Abstract: As a solar energy storage medium or heat transfer medium at moderate-high temperature, the molten NaCl-MgCl2 has the advantages of high stability and low cost. But a pipe and container material with Cr will be corroded badly in a molten chloride. Based on the founded corrosion resistance phase (Fe0.64Ni0.36) in previous experiments, the corrosion behavior of a new alloy of Fe-37 wt% Ni with rare earth alloy element Sc in the molten eutectic NaCl-MgCl2 at 520 ℃ was studied. The corrosion rate of the Fe-37 wt% Ni alloy is lower than that of the researched Fe-based superalloys (GH1035 and GH1140). After corrosion for 15 h, a porous structure with Ni-rich and Fe-depletion is formed at the local location on the Fe-37 wt% Ni surface. For the specimens with Sc (0.3 and 0.5 wt %), a compact protective MgO layer covers on the porous structure, which prevents further corrosion in the molten salt. It is speculated that the Sc is oxidized to Sc2O3 directly or by the chlorination-oxidation reactions, which improves the adhesion strength between the MgO layer and the alloy matrix by the effects of inhomogeneous nucleation and pinning.
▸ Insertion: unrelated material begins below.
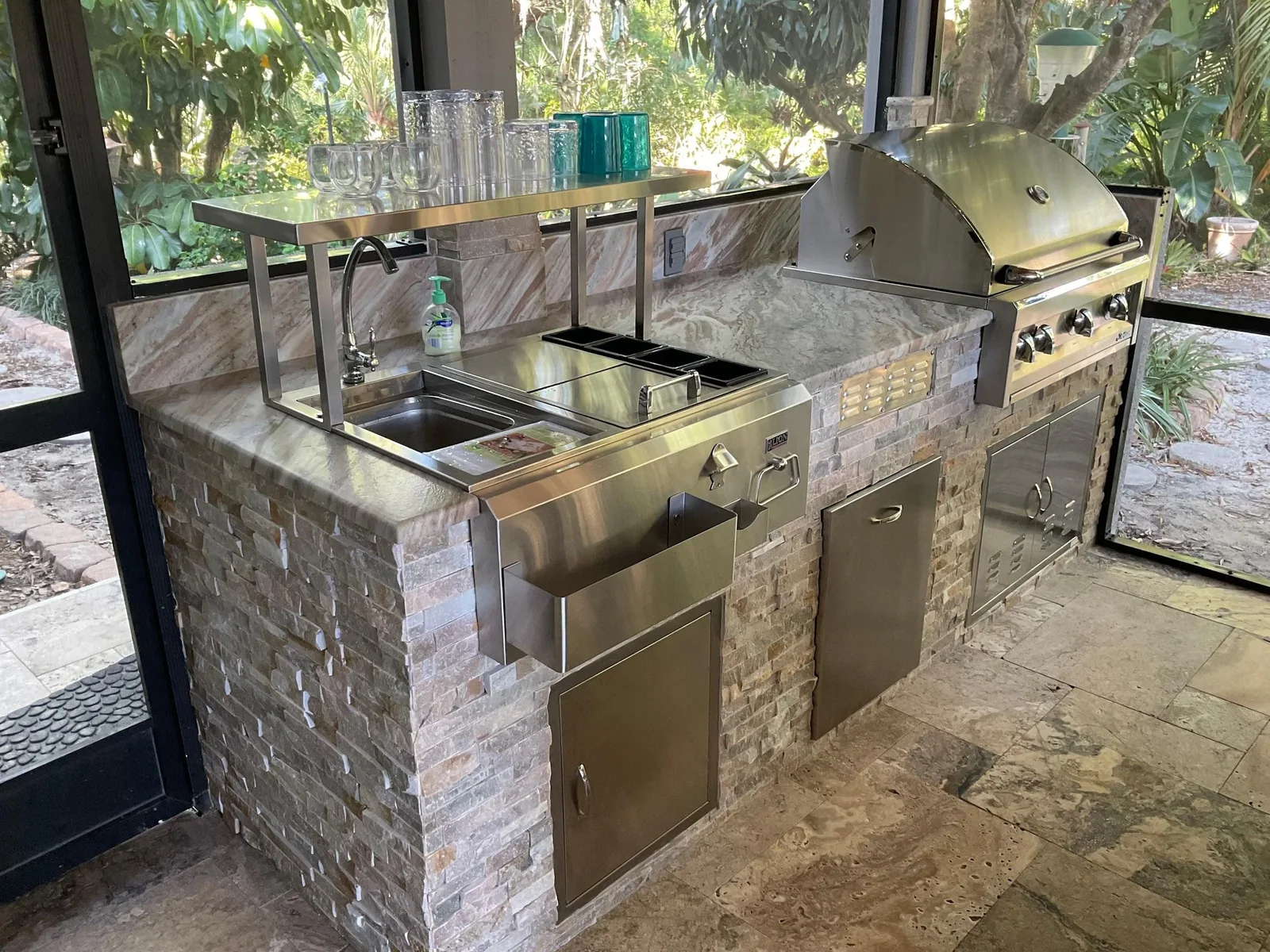 Outdoor kitchen with stacked stone base, natural stone counter, stainless grill, sink and doors in Lakewood Ranch, FL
Key words: Molten salt corrosion, Chloride salt, Scandium, Fe-Ni alloy

1. Introduction Concentrating solar power (CSP) is an important clean and renewable energy technology. In order to prolong the equipment running time after sunset and improve the efficiency of lightthermal-electric conversion, the method of phase change thermal energy storage by molten salt at moderate-high temperature is study spot now [1-2]. Molten chloride is concerned for many advantages, such as high stability and thermal energy storage density, low cost and so on [3-5]. The Oak Ridge National Laboratory [6] has chosen a molten chloride as a candidate heat transfer

* Corresponding author. Engineering Research Center of High Performance Light Metal Alloys and Forming, Department of Mechanical Engineering, Qinghai University, Xining 810016, PR China; E-mail address: [email protected] (H.G. Jia).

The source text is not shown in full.